─── RECORDED DATA

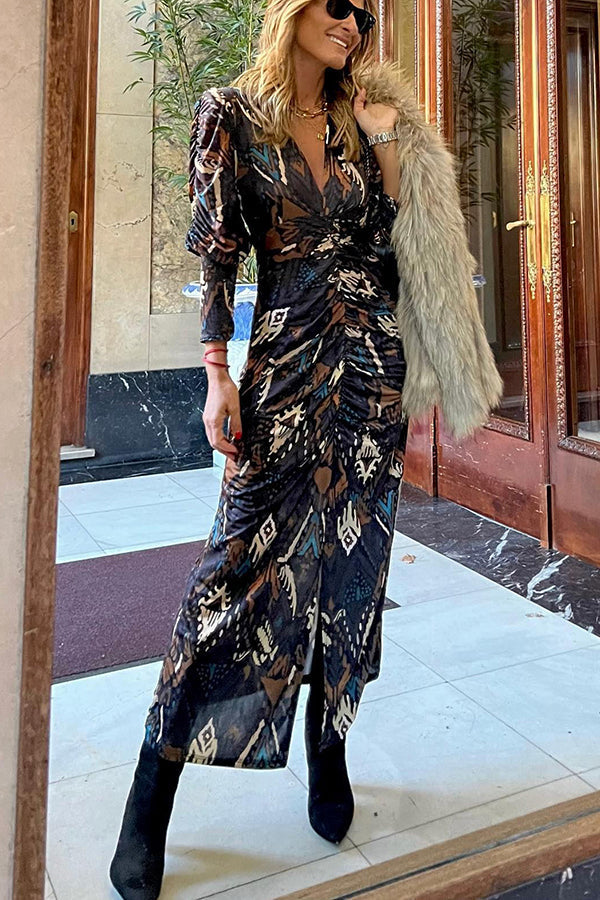 Effortlessly Elegant Dress with a Timeless Design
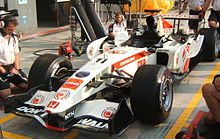 Photo de la Honda RA106 de Rubens Barrichello dans les stands du Grand Prix d'Italie 2006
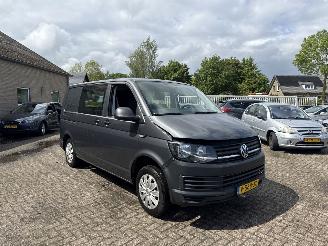 Auto incidentate Volkswagen Transporter 2.0 TDI L1H1 Comfortline. ROLSTOELVERVOER 2017/11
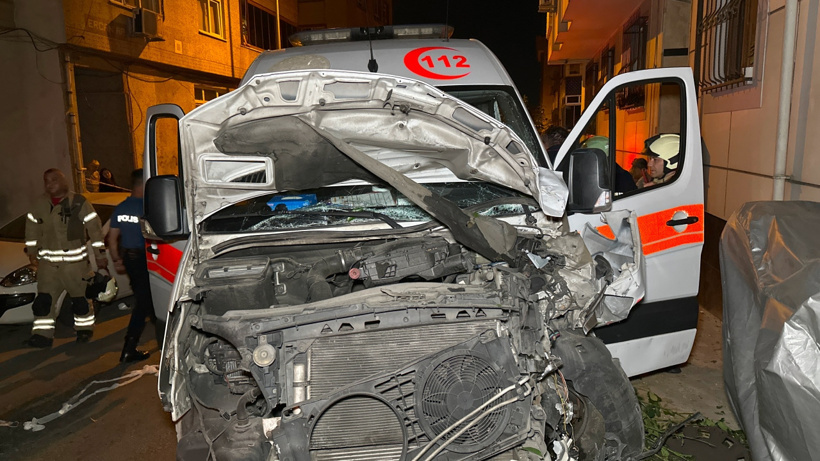 Hasta taşıyan ambulans kaza yaptı: 3 sağlık çalışanı yaralı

──────

- _TASK_: Your response must reproduce the listing above word for word and must contain none of its pictures.

- _SOLUTION TO THE PROBLEM_:
 Effortlessly Elegant Dress with a Timeless Design
 Photo de la Honda RA106 de Rubens Barrichello dans les stands du Grand Prix d'Italie 2006
 Auto incidentate Volkswagen Transporter 2.0 TDI L1H1 Comfortline. ROLSTOELVERVOER 2017/11
 Hasta taşıyan ambulans kaza yaptı: 3 sağlık çalışanı yaralı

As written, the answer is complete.